First note that a prime of the form $6k+5$ is also of the form $6k-1$

Assume , there are only a finite many prime numbers of the form $6k-1$ and multiply them all together. The product must have residue $1$ or $5$ modulo $6$. If the residue is $1$, then subtract $2$. If the residue is $5$, then subtract $6$.

The resulting number is then greater than $1$ and of the form $6k+5$

It is easy to see that the resulting number cannot be divisible by $2$ or $3$, hence it must have prime factors of the form $6k\pm1$. If all prime factors were of the form $6k+1$, the number would be congruent to $1$ modulo $6$, which is not the case.
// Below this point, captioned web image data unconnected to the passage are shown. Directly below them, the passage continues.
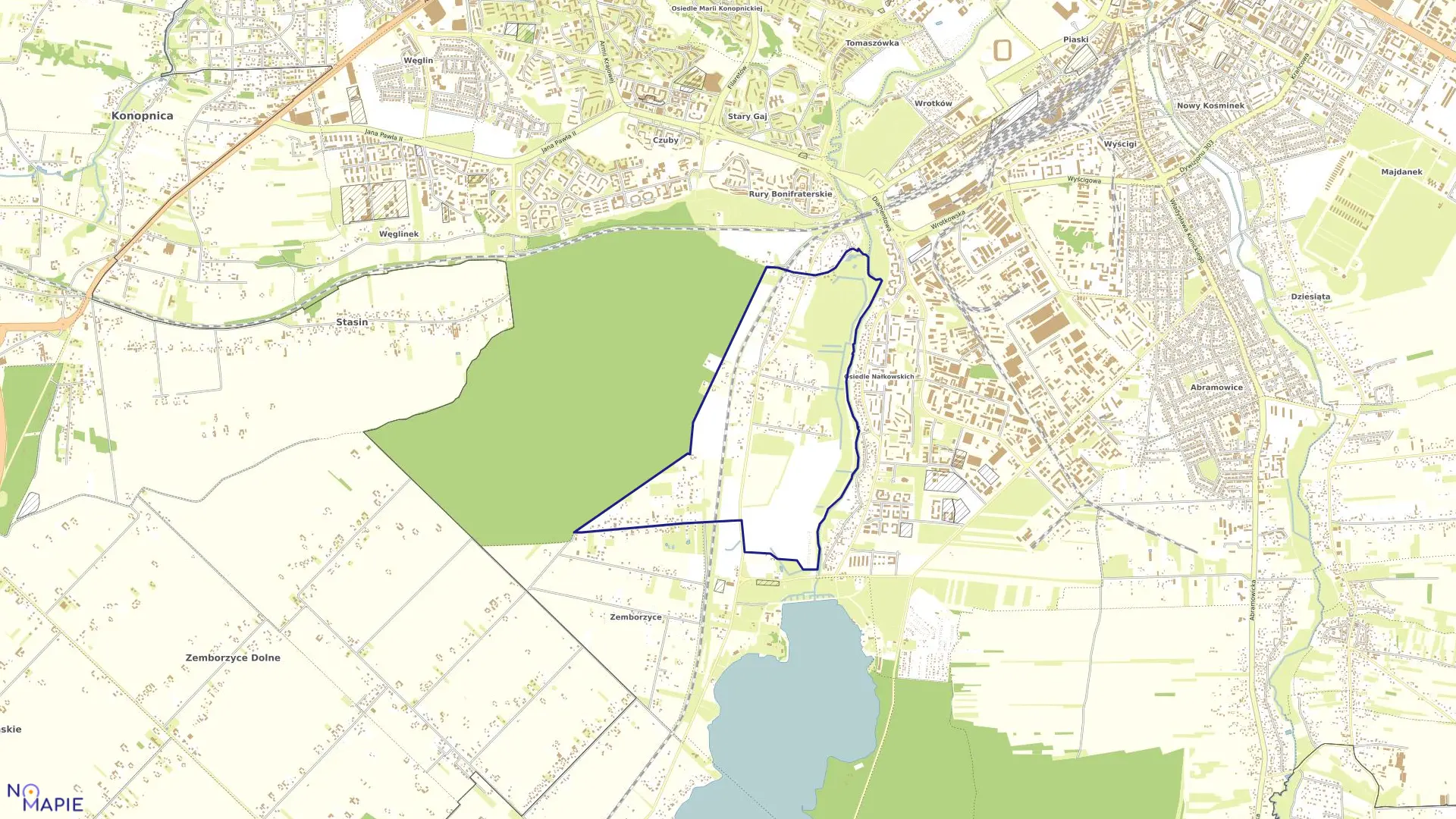 Mapa obrębu 20-Majdan Wrotkowski w mieście Lublin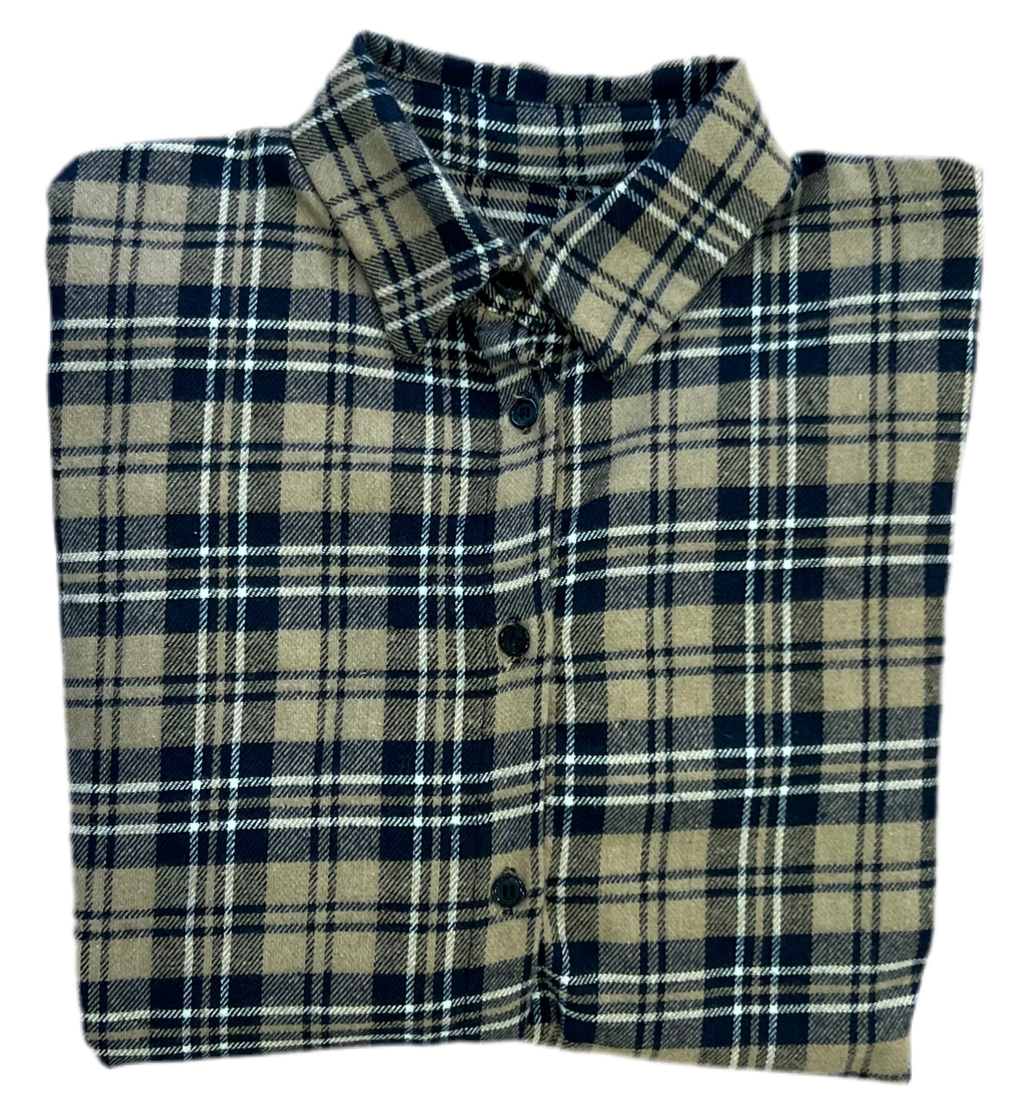 Camicia flanella beige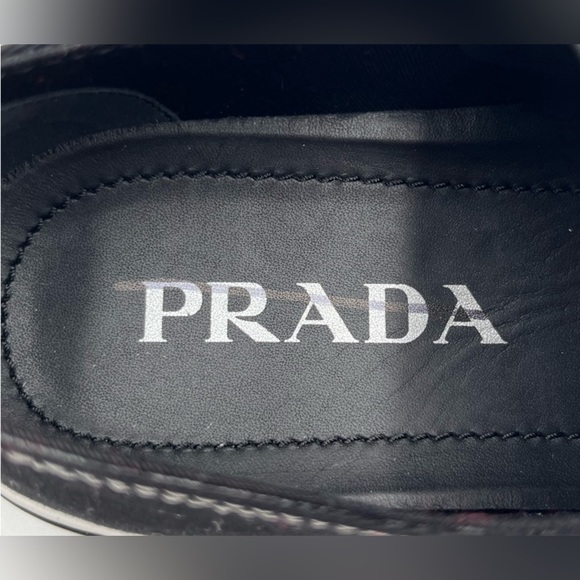 Prada Point-Toe Canvas Sneakers - Picture 6 of 8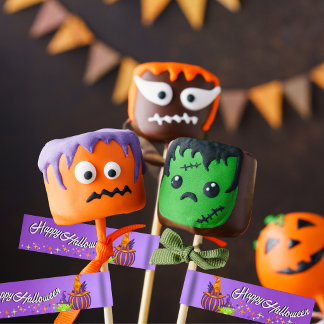 ハロウィーン ケーキポップタグ & ストローフラグ ラップアラウンド宛名ラベル
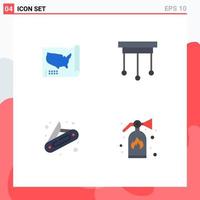Group of 4 Flat Icons Signs and Symbols for map knife usa home extinguisher Editable Vector Design Elements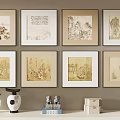 Traditional Chinese Paintings Wall Art With Decorative Vases Stone Figurines And Potted Plant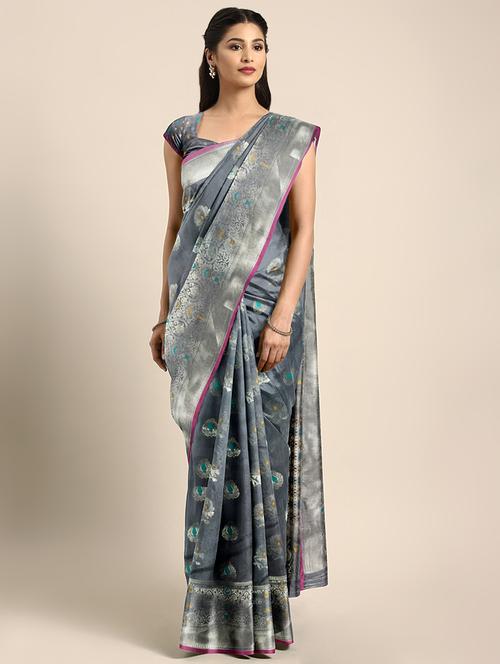 floral zari motif woven saree with blouse - 16439130 - Very Small Image - 1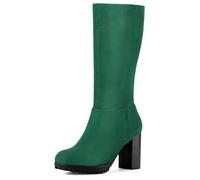 Allegra K Women's Mid Calf Block Heel Boots Green 5.5 UK/Label Size 7.5 US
Hence, there must be a prime of the form $6k+5$ dividing the number, but because of the subtraction of $2$ or $6$ it cannot be one of the primes in the product. This gives you the desired contradiction.

Note that the only primes not of the form $6n\pm 1$ are $2$ and $3$. A number of the form $6n+5$ is not divisible by $2$ or $3$.

Now note that the product $(6n+1)(6m+1)=36nm+6n+6m+1=6(6mn+m+n)+1$, and you can show by induction that any product of integers of the form $6n+1$ has the same form.

Any number of the form $6n+5=6(n+1)-1$ therefore has at least one prime factor of the form $6r+5$.

If you had a finite number of primes $p_i$ of the form $6r+5$ consider $n=4+\prod p_i^2$

You should be able to prove that this is of the form $6m+5$ and is not divisible by any of the $p_i$ (or by $2$ or $3$), but it is divisible by a prime of the form $6k+5$.

The essential step is showing that you can find a number of the form $6m+5$ which is not divisible by any of the $p_i$.